Well, some linguists seem to think so. There was a popular theory in the 1940’s by Benjamin Lee Whorf that claimed that people see the world differently because of differences in their language. However, this is extremely difficult to prove and most linguists have moved away from it.
Dr. Betty Birner, professor of linguistics and cognitive science at Northern Illinois University, sees this as “a chicken-and-egg question: are you unable to think about things you don’t have words for, or do you lack words for them because you don’t think about them?”. The problem is that there is more to this than just language and thought, there is culture.
“Your culture – the traditions, lifestyle, habits, and so on that you pick up from the people you live and interact with – shapes the way you think, and also shapes the way you talk,” explained Dr. Birner. So, it’s not necessarily true that a gender marked language will promote sexism because there are many other factors involved.
However, if you look at the Global Gender Gap Report of 2017 you may notice that Finland is the 3rd most gender equal country in the world, and that France is number 11, Spain number 24, and Portugal number 33. It might just be a coincidence that countries with more gender-neutral languages rank higher in terms of gender equality but, it’s definitely an interesting point.
The truth is, every linguist I spoke to said the same thing over and over again: this is not just about linguistics — culture plays huge role in shaping our thoughts.
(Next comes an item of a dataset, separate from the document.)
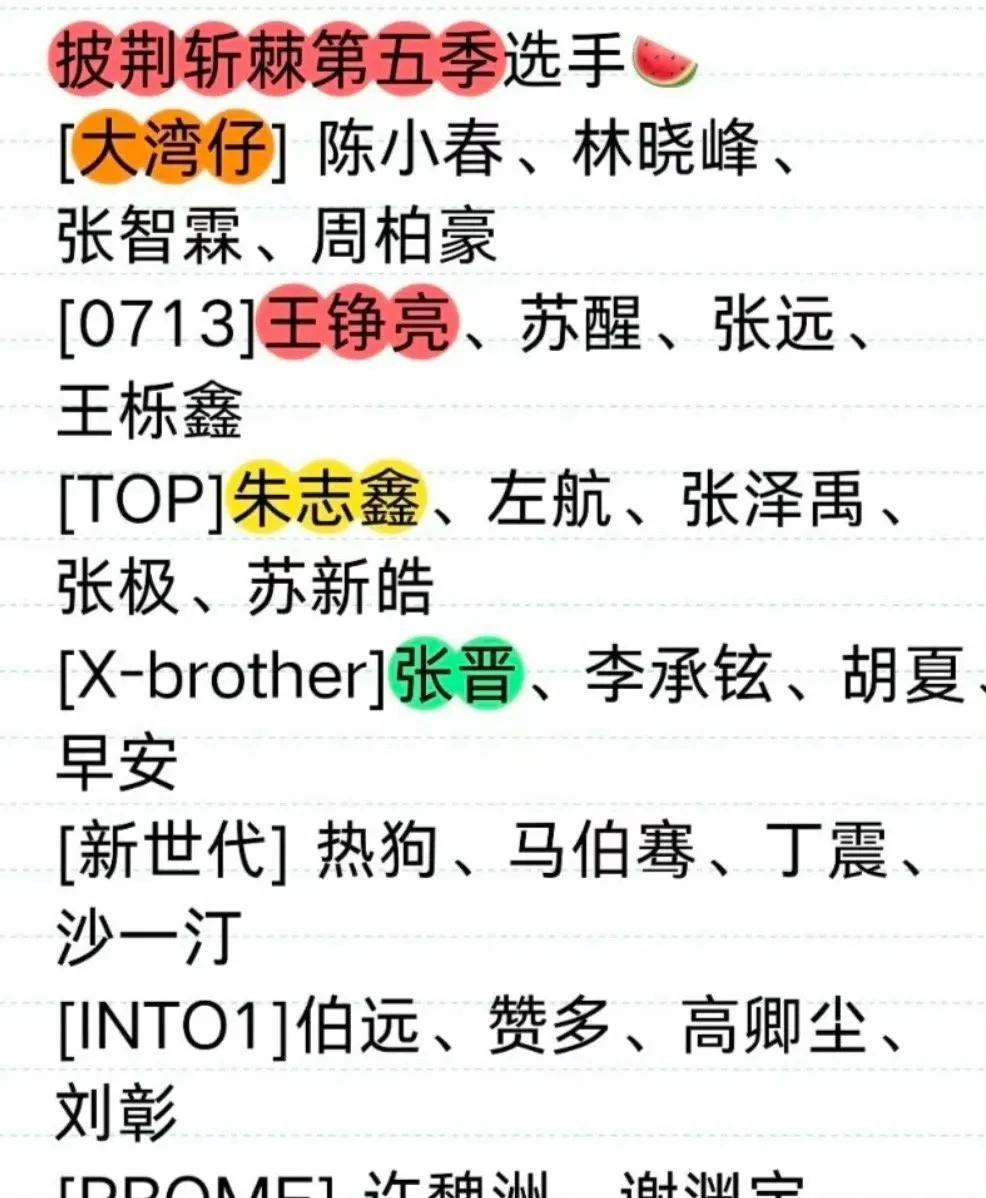 披荆斩棘的哥哥第五季，这名单真的假的啊！再就业男团来四个？这不是要疯了吧，这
Just to give you an example, a lot of nouns which had only the masculine version started to develop the feminine one at a certain point in time. In the case of France, as this article on The Atlantic explains, during World War I, all the men went to war and women had to fill in for their jobs. This included “traditionally male-dominated positions like chimney sweep or factory worker”, and because now they were being carried out by women there was a need to develop the feminine version.
In Portuguese, there was also a curious example that made it to the news a few years ago. With the election of Dilma Rousseff as the President of Brazil, people started using the word “presidenta” (her and her supporters own preference), instead of the masculine version “presidente”.
According to Helena Moniz, “in the beginning, people thought it was weird to say ‘presidenta’ but, only because Dilma was the first female president to get elected in Brazil – the word didn’t exist because there was no need to create the female version before.”
So, should we push for a gender neutral language?
When you have languages, such as Portuguese or French, that are heavily gender marked it’s practically impossible to create a version where both genders are equally treated. First, because most of the proposed alternatives can only be written and not spoken — exactly how am I supposed to read ‘tod@s’? Second, because these languages use masculine and feminine when referring to objects as well, not just people, so, it’s much more engraved in the language’s structure.
Changing the structure of a language is extremely difficult and even minor changes cause a lot of aversion. As Helena told me: “language deals with emotions, with who you are as an individual, and that’s why so many people are often against change. But reinforcing a binary system rather than personalising our language and messages to the receiver isn’t the way forward either.”
Ultimately, language reflects who we are. We can see the world in black and white, or we can learn to live with everything in between.